> _REQUIREMENT_
Once you find the line containing "小豆凉粉VS芒果雪葩VS香蕉奶昔的做法(五分钟快手冷饮)" in the data below, copy it and each following line exactly, up to and including the line containing "map of Sellbitz", and nothing else.
*** AVAILABLE DATA ***
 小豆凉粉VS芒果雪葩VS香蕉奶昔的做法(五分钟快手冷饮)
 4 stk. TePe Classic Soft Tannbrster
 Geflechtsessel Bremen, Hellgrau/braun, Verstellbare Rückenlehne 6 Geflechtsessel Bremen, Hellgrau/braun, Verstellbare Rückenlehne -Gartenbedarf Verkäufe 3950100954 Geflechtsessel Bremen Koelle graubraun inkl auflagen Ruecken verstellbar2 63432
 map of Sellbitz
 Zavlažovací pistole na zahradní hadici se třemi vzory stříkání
*** End of AVAILABLE DATA ***
*** AVAILABLE DATA ***
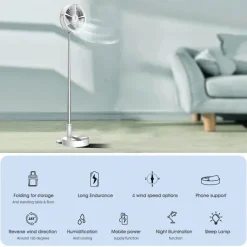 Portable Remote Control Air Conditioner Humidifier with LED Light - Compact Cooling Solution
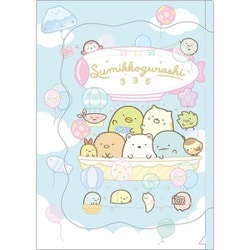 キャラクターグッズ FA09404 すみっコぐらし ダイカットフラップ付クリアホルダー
*** End of AVAILABLE DATA ***
> _YOUR RESPONSE_
 小豆凉粉VS芒果雪葩VS香蕉奶昔的做法(五分钟快手冷饮)
 4 stk. TePe Classic Soft Tannbrster
 Geflechtsessel Bremen, Hellgrau/braun, Verstellbare Rückenlehne 6 Geflechtsessel Bremen, Hellgrau/braun, Verstellbare Rückenlehne -Gartenbedarf Verkäufe 3950100954 Geflechtsessel Bremen Koelle graubraun inkl auflagen Ruecken verstellbar2 63432
 map of Sellbitz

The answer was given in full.